U.S. electric power giant Duke Energy has asked a regulator’s permission to abandon its plan to build a 2,234 megawatt, US$11-billion nuclear generating station at Gaffney, South Carolina, leaving a site in Georgia as the last in America where new power reactors are being built.
Duke Energy Carolinas sought the approval of the North Carolina Utilities Commission (required because the company is headquartered in Charlotte, NC, and the plant’s proposed service area included the city) to kill the planned William S. Lee nuclear power project before construction begins, Greentech Media reports. Duke is also seeking a rate increase, in part to cover the $541 million it has already spent for the plant’s design.
Duke’s announcement makes it the third company to walk away from a nuclear investment in recent weeks. Last month, SCANA Corp. and Santee Cooper abandoned an $18-billion co-venture to expand their V.C. Summer nuclear generation facility.
Duke maintained in a release that nuclear power remains a “vital component” of its portfolio while blaming market uncertainty, rather than the cost of nuclear technology, for the decision to cancel the Lee project.
“Most notably, risks and uncertainties to initiating construction on the Lee Nuclear project have become too great, and cancellation of the project is the best option for customers,” the company said.
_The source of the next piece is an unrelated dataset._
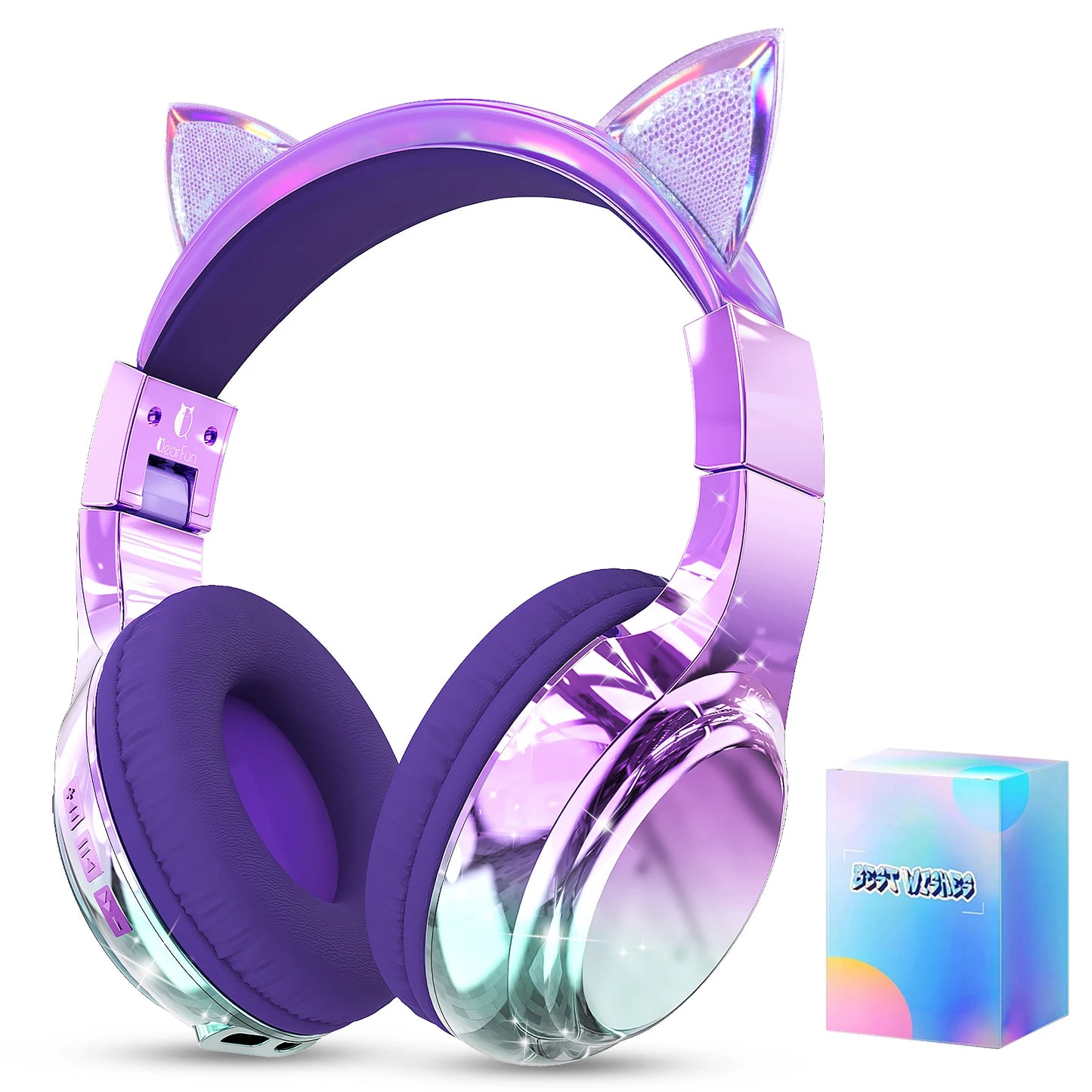 Cat Ear Wireless Headphones for Girls Kids Bluetooth Headphones Safe Volume 74/85/94dB Foldable Children's Headset For Travel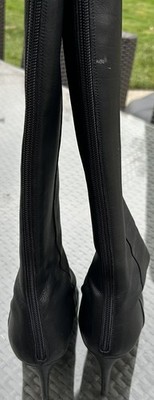 JIMMY CHOO ブラックスエード ハイヒール 36 Jimmy Choo Womens Black Leather Knee High Stiletto Boots Sz 36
It noted, however, that “Duke Energy will maintain the licence to build new nuclear at this site in the future if it is in the best interest of customers.”
Like the V.C. Summer reactors, those contemplated for the Lee facility were designed by Westinghouse Electric, which declared bankruptcy in March and threw the industry’s American future into doubt.
Georgia Power is now the last U.S. utility building new nuclear generating capacity. Georgia regulators have said the two Westinghouse-designed reactors the company is adding to an existing pair at the Alvin W. Vogtle nuclear site on the Savannah River near Waynesboro, GA are close to completion, after $4.5 billion in construction costs.